This stereotypical setup is complicated by the twist ending, and the reason for the centennial. In 1865, near the end of the Civil War, a group of Northern soldiers killed and mutilated everyone in Pleasant Valley. It's now time for some revenge, Dixieland-style. The Northerners are separated from each other and forced to participate in twisted versions of normal centennial-type events like a barbecue, a horse race, a barrel roll, and a dunk tank. The blood flows copiously in these scenes, which are much more violent and gruesome than other films of similar early-1960s vintage.

Finally, it's up to our heroes, school teacher Tom (William Kerwin) and Terry (Playboy Playmate Connie Mason), the pretty lady who picked him up on the highway when his car broke down, to find out what's going on and plot their escape. Will they succeed? And what is going on? I'll let you find out for yourselves, although, if you're familiar with Brigadoon, I probably spoiled the twist ending.

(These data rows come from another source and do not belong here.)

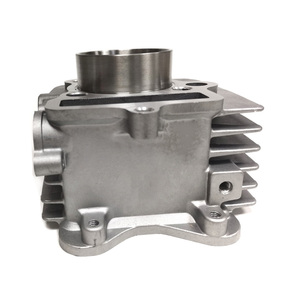 อะไห<span class=keywords><strong>ล</strong></span>่เครื่องยนต์มอเตอร์ไซค์ AX100 <span class=keywords><strong>70</strong></span> มม. Cg300 แบบกำหนดเองจากโรงงาน ชิ้นส่วนเครื่องยนต์มอเตอร์ไซค์ 100 ซีซี บล็อกกระบอกสูบสแตนเลสสำหรับซูซูกิ - Product Image 1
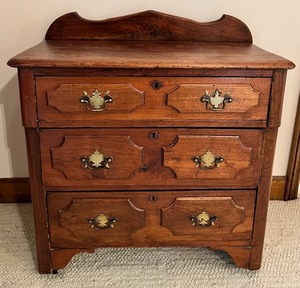 lot 43 image: Vintage Wood Dresser with Dovetail Drawers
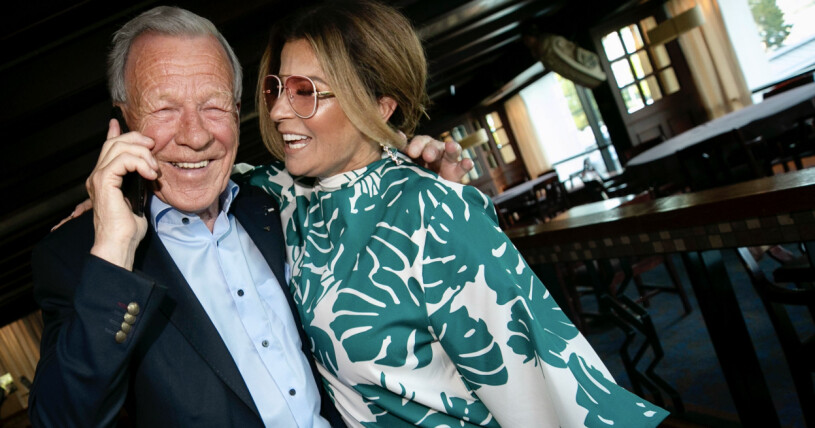 Foto: Anders Wiklöf och Carola Häggkvist ler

The action is accompanied by a quality bluegrass score credited to the fictional band The Pleasant Valley Boys. In addition to the Lester Flatt covers, the score also includes some songs written and performed by Lewis himself, "Rebel Yell (The South's Gonna Rise Again)" of particular note. Lewis might have made a career for himself as a musician if he hadn't been too busy pushing the envelope of cinematic violence. Besides the score, the film's virtues are inseparable from its flaws. The awesome and terrible intermingle to such an extent that they become a single, lovably disgusting entity. This is a weird-ass movie, truly deserving of its cult-classic, midnight-movie status. It's Lewis' favorite of his own pictures, beating out such contenders as Color Me Blood Red, The Gruesome Twosome, The Wizard of Gore, and The Gore-Gore Girls.